Since 2015 I can’t remember Matthew Karnitschnig writing a neutral or even positive article on Germany. The sky is always immediately falling. Back then it was of course the refugee crisis and other assorted culture war nonsense, but now he seems to be retooling.
I found the article quite good but has missed a couple of points that need to be mentioned:
1. The attitude of the average German consumer
It seems to me that one of the national sports in Germany is to find cheaper deals for pretty much anything (and then brag about it). Even if it's fractions of a euro! After trimming down on everything that they could, the manufacturers and service providers had to finally reduce quality. This happened to such an extent that the famous "Made in Germany" is now meaningless, if not worse.
2. The attitude of the average German manager
"I am your boss, you are the employee, now shut up and do as I say" attitude does not work well in knowledge-based industries like Software. And I believe this is one of the reasons why Germany is behind in digitalization, let alone in digital innovation.
1. Made in Germany for consumer products might be worth less today but the export of industrial supplies like machines, chemicals and materials are much more important to the economy as a whole.

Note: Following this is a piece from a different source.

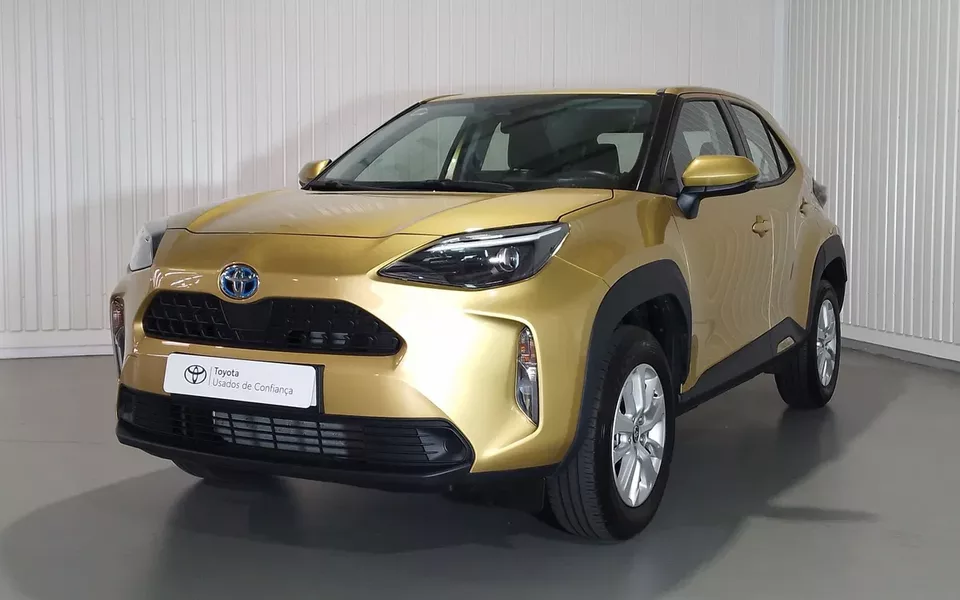 Toyota Yaris Cross 1.5 Hybrid Comfort Plus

Outside of Germany it is still quite respected - to the point where foreign companies give themselves and their products German sounding names while slapping German flags on their boxes to sell more.
2. Why software Made in Germany doesn't work well has a number of reasons but I'd say that it is primarily because it is much harder to raise capital for things that only might work 1 out of 50 times. People who start businesses are much more risk-averse and most try to be profitable or self-financed from year 1. This makes them uncompetitive in innovative sectors.
> I am your boss, you are the employee, now shut up and do as I say
This would also not work in engineering and never did. In fact, it's likely one of reasons why german engineering was so good: because people would (and still do) tell their boss bluntly what is wrong.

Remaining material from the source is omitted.